# Feisty Ferret, Marshall Folding Mansion, Marsh. Ferret Estate, Marsh. Penthouse?



## linda888 (Jan 9, 2011)

I have 2 large male rats. I'm trying to decide on which cage to get.

Here's the Feisty Ferret one. It is 31 x 20 x 55 and it looks like it has a full second floor instead of just shelves, which is nice, BUT it's smaller than the others:

http://www.amazon.com/Prevue-Pet-Fe...1?ie=UTF8&s=home-garden&qid=1295301897&sr=8-1

Here's the Marshall Folding Ferret Mansion. It's 37 x 25 x 54 so it's bigger than the feisty ferret. BUT it doesn't have a full second floor:

http://www.petco.com/product/104532...t-Mansion.aspx?CoreCat=FerretHPCagesHabitats- 


Here's the Marshall Ferret Estate. It is the same size as the Mansion, but it looks like it has the full second floor?

http://www.ferret.com/item/marshall-estate-ferret-home/650222/


Here's the Marshal Small Animal Penthouse It's 40 x 24 x 58, which is big, and you can have a full second floor, BUT the shelves/flooring is plastic...won't that stink more than metal?
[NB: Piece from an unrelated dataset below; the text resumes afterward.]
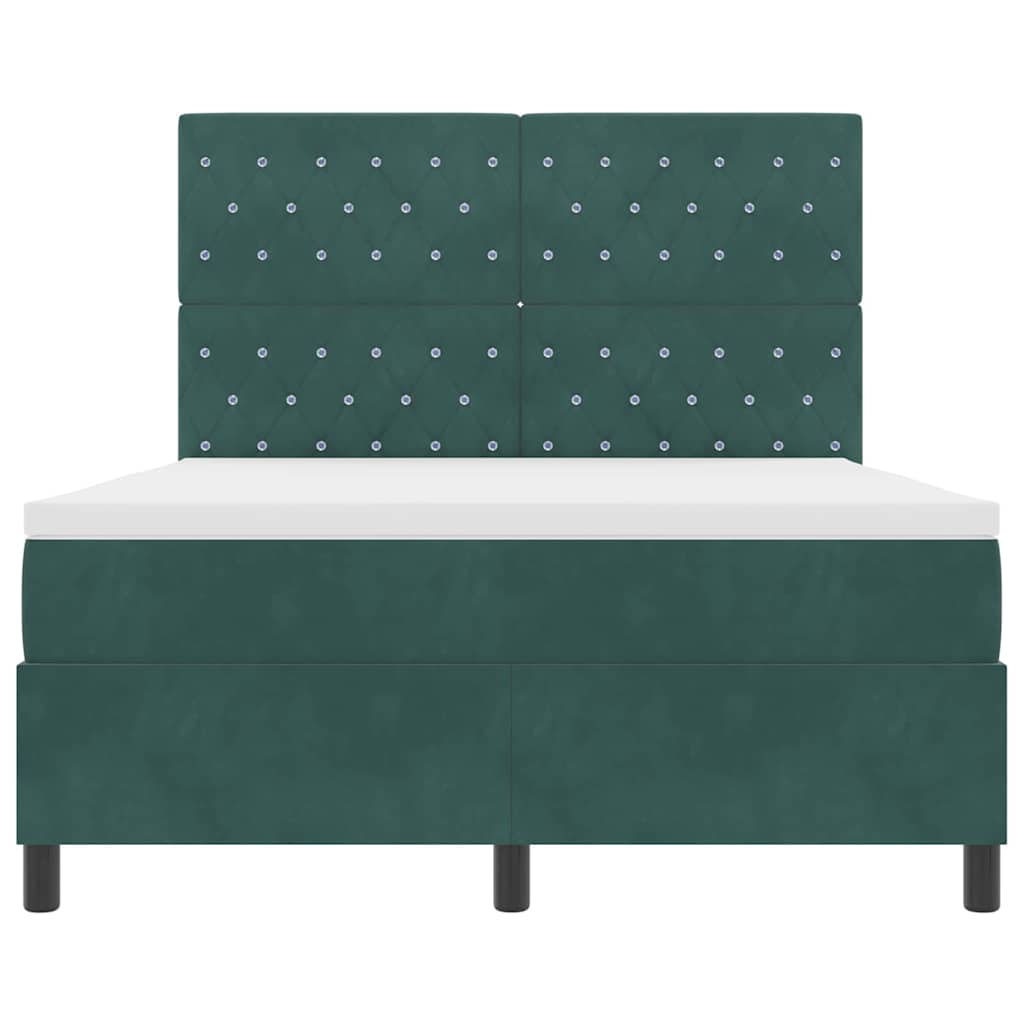 Boxspringbed met matras Donkergroen 140 x 190 cm Fluweel is nu te koop bij PeponiXL, paradijselijk wonen!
http://www.drsfostersmith.com/product/prod_display.cfm?pcatid=19618


----------



## Kiko (Sep 18, 2009)

Many people choose not to support Marshells because they are the company that owns the biggest ferret mill ever where many animals suffer.

All those cages are an okay size, but I recommend Martins cages, or if you like the Feisty Ferret then you will like the Ferret Nation, or Critter nation.


----------



## linda888 (Jan 9, 2011)

Oh yikes I did not know that about Marshalls!


----------



## Kiko (Sep 18, 2009)

I admit I have not 100% boycotted them as they have some really cool products.
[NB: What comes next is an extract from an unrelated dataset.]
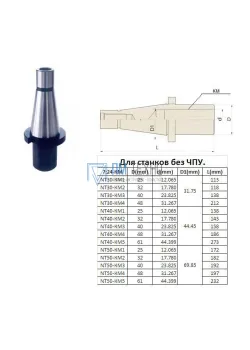 Втулка переходная с хвостовиком 7:24-40 на КМ4 для концевых фрез без лапки для станков без ЧПУ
but I made a point to buy from them as little as possible, or look for alternatives when I can


----------



## Kiko (Sep 18, 2009)

For 2-5 rats the Feisty ferret is a fine cage also  It's not made by marshell.


----------



## linda888 (Jan 9, 2011)

Does the Feisty Ferret has wire mesh levels? That I would have to cover?


----------



## Kiko (Sep 18, 2009)

Nope I am pretty sure it has solid levels.
You may still want to cover them, because against common believe it's NOT wire that causes bumblefoot it's dirty conditions like walking on a dirty solid level. 
If you wipe the level down daily it will be fine, I don't use any fleece on the levels on my CN I just wipe it down and it's fine.


----------